Questionnée à ce sujet, la nouvelle commissaire de la GRC indique ne pas être au courant des détails précis de ce dossier. «Mais on doit certainement faire une revue de ce qui s'est passé et voir s'il y a quelque chose qu'on n'a pas fait selon la loi», soutient-elle.

Peuples autochtones et G7

Parmi ses autres priorités, Brenda Lucki souhaite améliorer la relation de la GRC avec les communautés autochtones, elle qui a travaillé pendant plusieurs années dans le nord du Manitoba. Le corps policier suit de près l'Enquête nationale sur les femmes et les filles autochtones disparues et assassinées, dit-elle. «Je sais qu'il y a beaucoup de familles qui ont partagé leur histoire très, très triste. Ça a pris beaucoup de courage. On doit être certain d'apprendre de cette enquête.»
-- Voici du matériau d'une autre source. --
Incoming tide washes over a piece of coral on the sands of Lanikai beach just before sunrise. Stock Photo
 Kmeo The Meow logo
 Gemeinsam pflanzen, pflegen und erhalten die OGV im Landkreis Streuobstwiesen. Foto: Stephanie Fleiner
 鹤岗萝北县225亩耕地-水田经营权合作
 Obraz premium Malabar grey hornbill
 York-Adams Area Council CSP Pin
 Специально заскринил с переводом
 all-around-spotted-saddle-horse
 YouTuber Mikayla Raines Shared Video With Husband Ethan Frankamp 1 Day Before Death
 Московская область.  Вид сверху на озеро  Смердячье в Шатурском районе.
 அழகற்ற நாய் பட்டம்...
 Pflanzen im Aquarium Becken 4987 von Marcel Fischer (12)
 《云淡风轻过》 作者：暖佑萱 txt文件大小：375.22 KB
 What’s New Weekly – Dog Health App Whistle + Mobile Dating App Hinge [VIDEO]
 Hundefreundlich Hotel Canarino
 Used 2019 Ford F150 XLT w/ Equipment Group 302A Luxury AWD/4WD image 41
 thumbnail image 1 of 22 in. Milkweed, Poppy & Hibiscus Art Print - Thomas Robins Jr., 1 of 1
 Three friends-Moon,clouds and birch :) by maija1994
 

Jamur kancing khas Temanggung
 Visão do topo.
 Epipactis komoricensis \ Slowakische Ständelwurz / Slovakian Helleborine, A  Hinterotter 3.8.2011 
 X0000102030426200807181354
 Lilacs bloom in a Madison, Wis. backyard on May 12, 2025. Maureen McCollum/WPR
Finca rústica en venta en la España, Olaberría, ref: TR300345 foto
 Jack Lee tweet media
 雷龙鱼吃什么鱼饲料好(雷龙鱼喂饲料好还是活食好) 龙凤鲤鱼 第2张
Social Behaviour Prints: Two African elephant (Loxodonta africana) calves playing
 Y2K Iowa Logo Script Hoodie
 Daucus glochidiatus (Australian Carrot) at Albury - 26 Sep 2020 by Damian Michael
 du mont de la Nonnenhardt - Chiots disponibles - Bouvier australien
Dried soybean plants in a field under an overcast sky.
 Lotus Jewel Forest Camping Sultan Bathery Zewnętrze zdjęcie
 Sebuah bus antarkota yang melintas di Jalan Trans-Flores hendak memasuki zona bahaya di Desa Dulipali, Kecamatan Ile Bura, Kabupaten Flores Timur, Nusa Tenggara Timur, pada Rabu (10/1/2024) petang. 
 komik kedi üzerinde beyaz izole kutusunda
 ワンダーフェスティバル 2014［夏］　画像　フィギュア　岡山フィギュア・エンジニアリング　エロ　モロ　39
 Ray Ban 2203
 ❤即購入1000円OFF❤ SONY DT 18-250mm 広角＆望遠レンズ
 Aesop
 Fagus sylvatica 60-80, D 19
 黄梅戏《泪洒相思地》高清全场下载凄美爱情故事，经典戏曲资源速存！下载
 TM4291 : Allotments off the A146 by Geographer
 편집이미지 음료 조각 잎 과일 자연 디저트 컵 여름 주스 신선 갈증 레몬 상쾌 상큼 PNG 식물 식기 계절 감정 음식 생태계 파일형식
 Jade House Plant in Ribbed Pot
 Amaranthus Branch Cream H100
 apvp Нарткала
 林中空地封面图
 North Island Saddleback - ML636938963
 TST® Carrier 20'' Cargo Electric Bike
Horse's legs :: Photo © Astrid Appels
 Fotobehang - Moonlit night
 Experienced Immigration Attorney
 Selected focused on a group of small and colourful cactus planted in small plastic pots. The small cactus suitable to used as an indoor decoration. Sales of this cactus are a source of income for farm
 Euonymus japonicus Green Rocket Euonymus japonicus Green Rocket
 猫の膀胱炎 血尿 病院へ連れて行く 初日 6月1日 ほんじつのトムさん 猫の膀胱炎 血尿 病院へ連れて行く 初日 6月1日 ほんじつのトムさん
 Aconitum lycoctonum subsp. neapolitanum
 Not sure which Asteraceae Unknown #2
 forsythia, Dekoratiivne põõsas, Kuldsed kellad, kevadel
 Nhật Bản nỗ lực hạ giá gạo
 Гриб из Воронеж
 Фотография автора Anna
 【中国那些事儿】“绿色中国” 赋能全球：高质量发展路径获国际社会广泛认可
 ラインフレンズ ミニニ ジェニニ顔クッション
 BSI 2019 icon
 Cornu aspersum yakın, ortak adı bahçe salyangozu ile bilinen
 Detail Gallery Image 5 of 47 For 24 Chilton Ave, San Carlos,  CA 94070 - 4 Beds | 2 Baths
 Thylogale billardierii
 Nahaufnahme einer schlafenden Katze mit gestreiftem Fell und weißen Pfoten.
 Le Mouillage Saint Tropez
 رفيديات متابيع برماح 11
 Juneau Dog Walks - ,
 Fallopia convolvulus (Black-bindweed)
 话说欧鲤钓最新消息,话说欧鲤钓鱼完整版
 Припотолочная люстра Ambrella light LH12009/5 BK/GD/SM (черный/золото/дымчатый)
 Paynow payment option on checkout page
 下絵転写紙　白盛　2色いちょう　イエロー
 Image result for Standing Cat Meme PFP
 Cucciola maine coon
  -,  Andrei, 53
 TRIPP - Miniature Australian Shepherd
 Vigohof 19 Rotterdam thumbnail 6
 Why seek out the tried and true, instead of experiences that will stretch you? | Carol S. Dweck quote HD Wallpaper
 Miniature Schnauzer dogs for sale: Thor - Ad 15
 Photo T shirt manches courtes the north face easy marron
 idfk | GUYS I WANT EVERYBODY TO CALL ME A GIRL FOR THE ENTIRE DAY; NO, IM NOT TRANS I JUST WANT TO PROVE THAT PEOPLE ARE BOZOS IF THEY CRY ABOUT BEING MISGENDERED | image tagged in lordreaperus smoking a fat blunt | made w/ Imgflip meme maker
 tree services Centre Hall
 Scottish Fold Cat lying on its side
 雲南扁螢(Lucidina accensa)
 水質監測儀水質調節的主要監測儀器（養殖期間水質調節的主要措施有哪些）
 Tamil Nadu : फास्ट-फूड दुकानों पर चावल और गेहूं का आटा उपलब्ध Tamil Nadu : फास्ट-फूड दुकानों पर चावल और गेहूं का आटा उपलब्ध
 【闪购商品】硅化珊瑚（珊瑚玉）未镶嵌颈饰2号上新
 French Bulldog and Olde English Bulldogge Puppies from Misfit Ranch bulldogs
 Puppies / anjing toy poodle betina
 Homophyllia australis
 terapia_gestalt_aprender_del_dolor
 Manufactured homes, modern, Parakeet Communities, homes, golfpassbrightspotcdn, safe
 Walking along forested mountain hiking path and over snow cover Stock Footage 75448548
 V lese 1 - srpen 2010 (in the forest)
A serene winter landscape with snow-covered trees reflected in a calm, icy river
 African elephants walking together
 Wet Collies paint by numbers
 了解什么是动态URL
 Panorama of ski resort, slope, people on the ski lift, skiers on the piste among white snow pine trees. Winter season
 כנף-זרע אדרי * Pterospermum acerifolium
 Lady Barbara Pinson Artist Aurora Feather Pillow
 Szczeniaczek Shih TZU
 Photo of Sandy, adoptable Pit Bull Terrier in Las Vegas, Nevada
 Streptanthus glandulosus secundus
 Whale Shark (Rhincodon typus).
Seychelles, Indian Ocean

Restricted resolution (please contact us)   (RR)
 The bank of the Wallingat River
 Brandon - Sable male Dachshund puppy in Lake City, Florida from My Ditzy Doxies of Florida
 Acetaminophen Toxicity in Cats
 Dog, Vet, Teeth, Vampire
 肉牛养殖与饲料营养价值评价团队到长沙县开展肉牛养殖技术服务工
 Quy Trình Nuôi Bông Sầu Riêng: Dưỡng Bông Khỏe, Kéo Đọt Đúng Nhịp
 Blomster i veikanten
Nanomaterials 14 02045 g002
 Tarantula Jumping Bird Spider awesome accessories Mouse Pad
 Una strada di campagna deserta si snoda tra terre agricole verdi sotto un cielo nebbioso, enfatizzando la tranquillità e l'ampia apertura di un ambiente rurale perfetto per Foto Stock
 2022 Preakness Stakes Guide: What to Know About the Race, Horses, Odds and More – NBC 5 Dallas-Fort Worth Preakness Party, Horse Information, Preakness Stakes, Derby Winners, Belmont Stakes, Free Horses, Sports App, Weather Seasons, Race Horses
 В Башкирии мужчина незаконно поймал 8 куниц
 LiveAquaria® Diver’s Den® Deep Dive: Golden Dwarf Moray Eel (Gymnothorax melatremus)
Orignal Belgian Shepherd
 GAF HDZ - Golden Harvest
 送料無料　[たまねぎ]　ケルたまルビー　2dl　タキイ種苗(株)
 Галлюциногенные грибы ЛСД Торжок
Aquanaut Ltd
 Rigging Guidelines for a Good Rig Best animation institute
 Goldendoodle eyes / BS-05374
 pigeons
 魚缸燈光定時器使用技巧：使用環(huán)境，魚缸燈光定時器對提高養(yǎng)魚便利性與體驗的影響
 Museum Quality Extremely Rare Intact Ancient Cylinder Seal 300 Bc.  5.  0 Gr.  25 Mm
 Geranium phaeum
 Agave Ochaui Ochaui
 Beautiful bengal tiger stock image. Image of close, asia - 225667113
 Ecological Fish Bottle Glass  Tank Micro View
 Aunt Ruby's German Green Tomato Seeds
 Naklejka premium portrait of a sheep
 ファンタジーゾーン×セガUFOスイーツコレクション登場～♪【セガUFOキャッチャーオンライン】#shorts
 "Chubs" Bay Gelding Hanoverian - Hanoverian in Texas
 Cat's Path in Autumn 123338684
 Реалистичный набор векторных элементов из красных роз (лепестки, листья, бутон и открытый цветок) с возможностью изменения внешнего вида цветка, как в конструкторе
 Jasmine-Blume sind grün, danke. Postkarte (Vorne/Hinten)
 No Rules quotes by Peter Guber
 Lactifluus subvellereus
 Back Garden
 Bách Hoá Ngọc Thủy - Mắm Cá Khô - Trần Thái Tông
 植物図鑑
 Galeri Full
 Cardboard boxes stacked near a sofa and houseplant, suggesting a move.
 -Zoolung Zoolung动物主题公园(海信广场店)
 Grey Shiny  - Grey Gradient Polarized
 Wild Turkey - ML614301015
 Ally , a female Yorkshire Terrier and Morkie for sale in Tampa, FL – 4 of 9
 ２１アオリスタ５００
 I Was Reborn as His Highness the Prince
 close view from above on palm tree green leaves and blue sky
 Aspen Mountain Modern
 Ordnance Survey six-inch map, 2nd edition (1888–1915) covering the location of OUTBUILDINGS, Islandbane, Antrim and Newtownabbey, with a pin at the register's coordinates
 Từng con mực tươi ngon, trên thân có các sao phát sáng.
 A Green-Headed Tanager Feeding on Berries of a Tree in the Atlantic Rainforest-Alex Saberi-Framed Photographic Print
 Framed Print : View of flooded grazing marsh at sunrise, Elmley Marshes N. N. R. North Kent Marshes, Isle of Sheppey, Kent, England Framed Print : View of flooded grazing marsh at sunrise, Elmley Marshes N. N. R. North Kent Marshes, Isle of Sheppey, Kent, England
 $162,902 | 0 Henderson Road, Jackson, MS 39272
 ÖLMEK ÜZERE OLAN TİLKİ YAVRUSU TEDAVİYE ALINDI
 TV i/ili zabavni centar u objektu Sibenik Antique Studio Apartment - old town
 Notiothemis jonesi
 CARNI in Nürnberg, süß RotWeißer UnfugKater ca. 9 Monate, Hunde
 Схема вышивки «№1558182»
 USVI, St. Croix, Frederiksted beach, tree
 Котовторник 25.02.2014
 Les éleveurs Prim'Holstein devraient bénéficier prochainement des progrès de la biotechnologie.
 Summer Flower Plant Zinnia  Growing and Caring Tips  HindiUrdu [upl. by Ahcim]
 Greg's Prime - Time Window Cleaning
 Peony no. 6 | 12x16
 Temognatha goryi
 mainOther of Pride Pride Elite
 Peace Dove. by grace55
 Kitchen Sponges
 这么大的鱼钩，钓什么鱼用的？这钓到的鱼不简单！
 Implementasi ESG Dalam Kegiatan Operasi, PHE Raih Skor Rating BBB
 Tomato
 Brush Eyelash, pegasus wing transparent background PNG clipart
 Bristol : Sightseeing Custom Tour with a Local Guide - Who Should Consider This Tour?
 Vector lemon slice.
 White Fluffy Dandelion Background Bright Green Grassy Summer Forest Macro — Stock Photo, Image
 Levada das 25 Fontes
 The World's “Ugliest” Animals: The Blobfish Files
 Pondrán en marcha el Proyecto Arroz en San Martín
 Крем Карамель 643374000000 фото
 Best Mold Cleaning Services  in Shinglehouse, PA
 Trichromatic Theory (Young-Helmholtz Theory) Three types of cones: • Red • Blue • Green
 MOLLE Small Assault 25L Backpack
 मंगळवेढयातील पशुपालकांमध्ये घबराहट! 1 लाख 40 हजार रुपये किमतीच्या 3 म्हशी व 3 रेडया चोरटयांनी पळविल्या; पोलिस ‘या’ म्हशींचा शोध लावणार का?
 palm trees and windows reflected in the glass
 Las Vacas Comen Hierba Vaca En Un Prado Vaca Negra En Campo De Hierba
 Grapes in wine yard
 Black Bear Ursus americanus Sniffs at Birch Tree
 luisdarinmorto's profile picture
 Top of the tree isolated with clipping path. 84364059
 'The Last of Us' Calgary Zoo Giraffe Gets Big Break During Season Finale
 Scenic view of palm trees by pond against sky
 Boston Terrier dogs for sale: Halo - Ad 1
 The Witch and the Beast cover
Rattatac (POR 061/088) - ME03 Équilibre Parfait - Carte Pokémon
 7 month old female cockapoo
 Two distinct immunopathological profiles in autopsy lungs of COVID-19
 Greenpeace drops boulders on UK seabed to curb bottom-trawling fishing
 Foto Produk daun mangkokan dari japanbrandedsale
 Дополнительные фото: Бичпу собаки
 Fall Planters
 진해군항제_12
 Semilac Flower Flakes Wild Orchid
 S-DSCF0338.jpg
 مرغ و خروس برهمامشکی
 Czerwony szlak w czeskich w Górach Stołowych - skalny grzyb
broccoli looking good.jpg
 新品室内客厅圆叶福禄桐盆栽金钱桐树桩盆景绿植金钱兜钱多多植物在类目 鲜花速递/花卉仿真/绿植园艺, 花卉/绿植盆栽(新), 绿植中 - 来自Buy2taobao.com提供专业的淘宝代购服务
La commissaire aura également le mandat de diriger la GRC pendant le processus de syndicalisation de ses employés. Mme Lucki affirme par ailleurs que la GRC est fin prête pour le Sommet du G7, qui mobilisera des milliers de policiers dans Charlevoix en juin.

Réformer la GRC

Dans la lettre de mandat de la nouvelle commissaire, qui sera rendue publique aujourd'hui, le ministre de la Sécurité publique Ralph Goodale détaille les nombreux chantiers qui l'attendent. Il souligne que Brenda Lucki devra «appuyer l'organisation dans une période de transformation visant à moderniser et réformer sa culture», et aussi en faire «un lieu de travail exempt de harcèlement et de violence».

Mme Lucki a été sélectionnée par un comité indépendant, qui a ensuite formulé des recommandations au ministre Goodale.